He would come back with an answer that would satisfy the class. DeLo never failed to surprise me with a
memento to be offered to the class, such as a model kit of an SBD or TBF. Of my 8th grade students who have gone on to
higher and greater achievements, I am sure they are better informed of the Navy
and its ships.
Thank you "Captain
DeLo." We may call on you again.
------------------------------------------------------------------------------------
From: John
Greaves
Canada
My friend Owen Miller, who is close to Pensacola and the National Naval
Aviation Museum, had the following to say on an internet warbird forum. With his permission, I'd like to include
this in the comments [about DeLo]:
"As
you may know CAPT DeLorenzo volunteered in restoration at NNAM for many
years. Recently he had been in hospice
care. Thursday (May 26th), NNAM held a
brief dedication ceremony for the Coronado. Frank was there in a suit and
tie and in a wheelchair. His family was
there, everybody shook his hand, the gals hugged him, and he was just
beaming. They got him back to hospice,
got him settled into bed, as he was worn out from the days events—and he
never woke up; died the next morning.
He was waiting for that plane.
“The
ceremony was recorded. Hopefully it will wind up on the internet, perhaps on
NNAM's Facebook page."
In
his honor, DeLo's name is painted under the pilot's window on the Coronado that
is under restoration at the NNAM.
One
of the first paintings I did after joining the Roundtable in the late 1990s was
DeLo delivering Nimitz to Pearl Harbor.
He was a great and enthusiastic help when I asked him about the details
and the Coronado markings, and when I gave him the original he promptly donated
the painting to the NNAM. His
endorsement of my artwork meant the world to me. I remember with great fondness how any discussions we had soon
turned to golf! He didn't think he was
a hero at all, but like all the other veterans he is to me. Blue skies, DeLo.
[ Ed.
note: to see John’s painting of
DeLo’s Coronado on the Nimitz flight, click here. ]
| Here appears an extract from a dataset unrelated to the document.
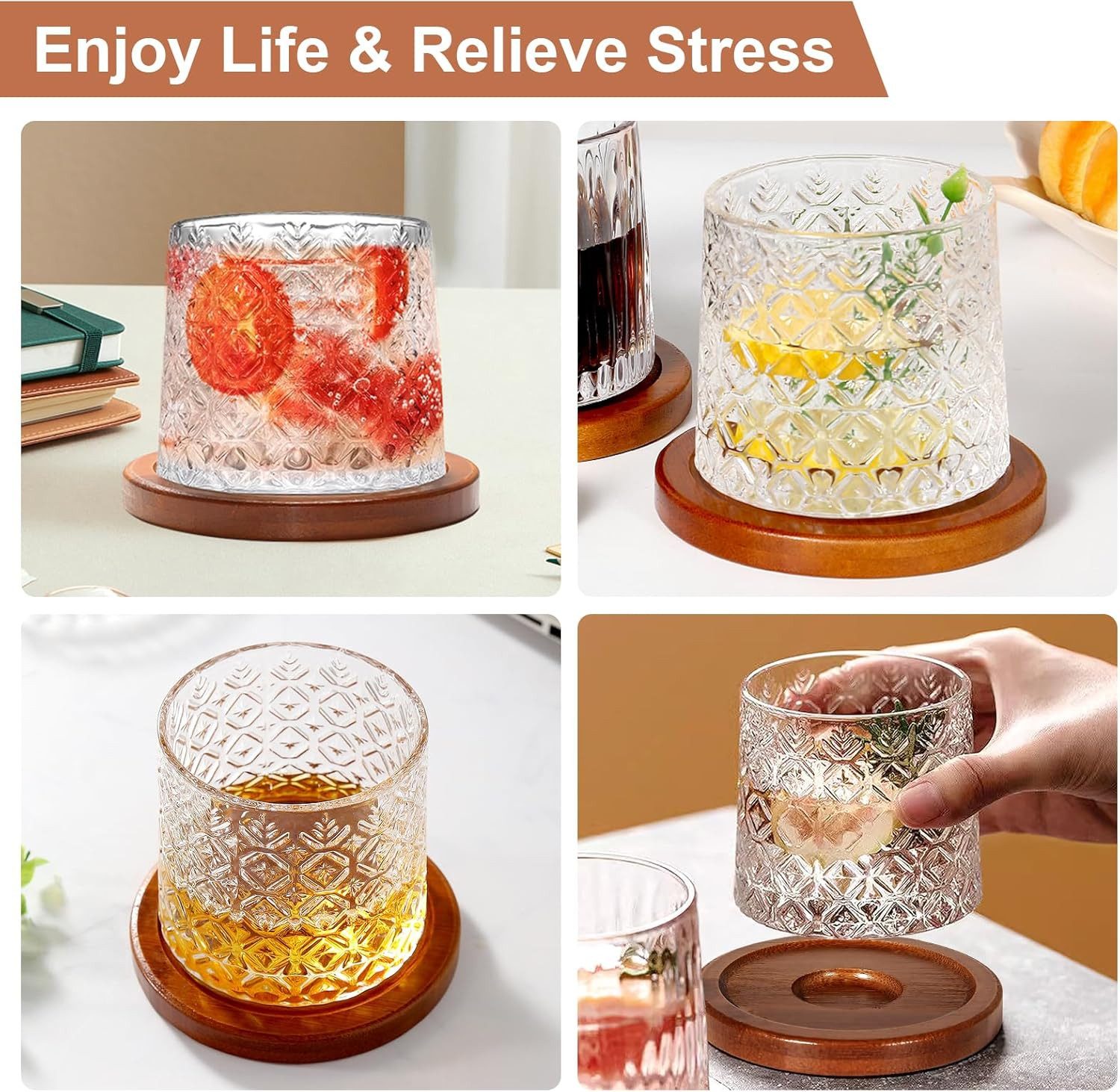 FANNOU Whiskyglas Drehbare Whiskygläser Kristall, 4-tlg., mit Untersetzer, Stehaufmännchen Gläser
------------------------------------------------------------------------------------
From Elliot Carlson
Maryland
author, Joe Rochefort’s War
I had a great conversation with
Captain DeLorenzo on 20 May 2008 at his home in Pensacola. He welcomed me into his family’s home early
in the afternoon and spent the next couple of hours telling me about his
adventure on 24-25 December 1941, when he and four other pilots (the Navy
wasn’t taking any chances) transported Admiral Nimitz to Pearl Harbor. By now much of DeLo’s story is well known:
the trouble the big plane had getting off the water in December weather, the
courtesy shown the pilots by Nimitz who required them to forsake their
Christmas holiday, the appalling sight at Pearl Harbor when they landed.
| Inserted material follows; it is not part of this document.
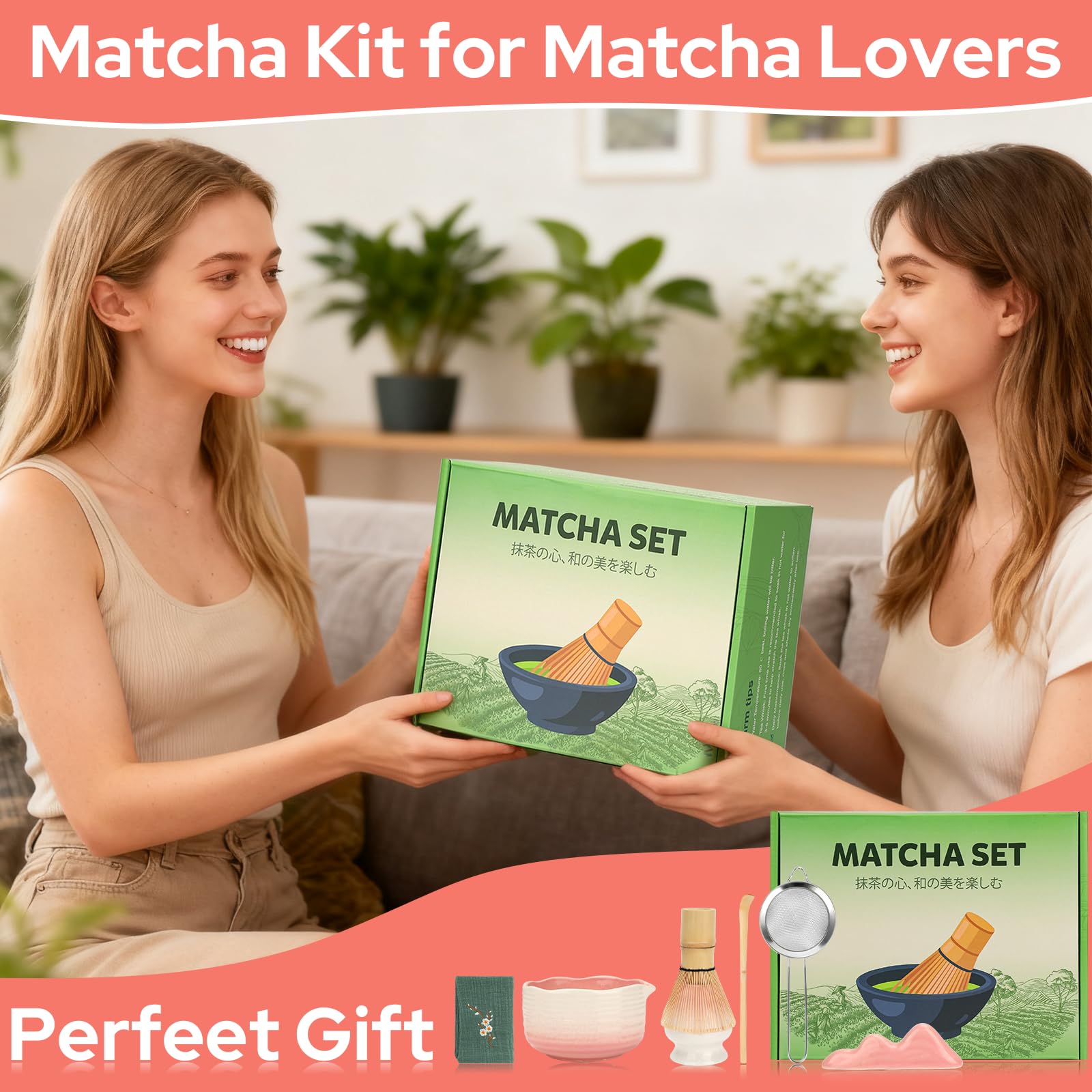 Ceecysaa Matcha Whisk Set, 7 Pcs Matcha Set, Matcha Kit for Ceremony, Matcha Tea Set for Making Breakfast/Matcha Latte, Matcha Whisk and Matcha Whisk and Bowl, As A Gift, Gradient Pink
But what stands out in my mind
from our chat was how gently the captain corrected me when I, like many others,
misidentified his plane as a PBY Catalina (see Potter, Nimitz). It was no such thing; it was a big brother
of the Catalina, a four-engine PB2Y-2 Coronado. Whenever I point this out to
people, I always think of DeLo.
------------------------------------------------------------------------------------
From: Bill Vickrey
North Carolina
I
have known Delo for well over twenty-five years and have a correspondence file
which must weigh five pounds. We exchanged a lot of snail mail correspondence
early on and I kept it all. Here are a
few points of interest. He was a native
of Wisconsin and a graduate of Marquette Law School, in 1939. He joined the Navy in that same year and was
in Class 130-C at Pensacola. Admiral A.
C. Read pinned his “wings of gold” on him in June 1940. He then joined VP-12 based at North Island
in San Diego.
Around
August 1941 he resigned from the Navy to join the AVG [Flying Tigers]. After a few days he was released from the
AVG and the skipper of VP-12 refused to take him back with these comments:
“DeLorenzo, I wouldn’t have you back in my squadron if you were the best damn
pilot in the Navy which, incidentally, you are not.”
He
then joined VP-13 flying the PB2Y Coronado.
His most famous mission in that squadron was flying Admiral Nimitz to
Pearl on December 24-25, 1941 to take over as CINCPAC. In March 1943 he joined VP-102 still flying
the PB2Y. His best memory during this
time was making three bombing runs on Wake while flying from Midway.
He
had many choice billets in his years in the Navy. He had a tour as XO of Kearsage (CV-33) then was CO of Kennebec
(AO-36). Perhaps his plumb assignment
was as CO of the NAS at Corpus Christi, where he was relieved by Joe Auman who
was Clay Fisher’s shipmate in VB-8 at Midway.
My
wife and I were very close to DeLo and Helen and spent some great times with
them. He was a real hustler on the golf
course and managed to “pick my pocket” every time we played.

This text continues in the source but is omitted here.